The frequencies they use don't involve photons that can break bonds, and they
don't have enough energy for heat damage.

The open question is whether or not there are either unknown ways it can harm
cells. An unknown direct harm method is probably unlikely. There have been
enough studies that we would have spotted it.

An unknown _indirect_ harm, though, is harder to rule out. An indirect harm
would be something like it can't _cause_ cancer, but if a cell goes cancerous
for some other reason the electromagnetic radiation interferes with the body's
mechanisms for detecting and fixing or killing the cancer cell.

Keep in mind that even if these things do increase risk, either by some
unknown direct mechanism, or by an unknown indirect mechanism, we can say that
the risk increase is low. You probably do dozens of other things a day with
similar or more risk that you could avoid.

Bottom line: if you want to have a wireless device next to your head all day
for convenience or out of work necessity, no one can really say you are being
foolish or cavalier toward you health. But if you decide to minimize such
device usage, no one can really say you are worried over nothing.

------
dennisgorelik
> I do basically no videoconferencing. Screensharing is great, and critical.
> But typically I find video distracting.

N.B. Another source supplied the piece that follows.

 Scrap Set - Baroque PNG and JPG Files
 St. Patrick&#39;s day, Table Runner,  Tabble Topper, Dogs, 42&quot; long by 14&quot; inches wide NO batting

In our remote work we also do not use video, but use screensharing and audio a
lot.

------
Karrot_Kream
Is there a good open source database of people and things like the pBase
Wolfram mentions in this article? I've been thinking of hosting an instance of
Monica myself.

------
Rainymood
Only 1 mention of pBase in this thread so far, I really liked this idea of
having a database of people, I'm wondering if someone has solved this problem
already?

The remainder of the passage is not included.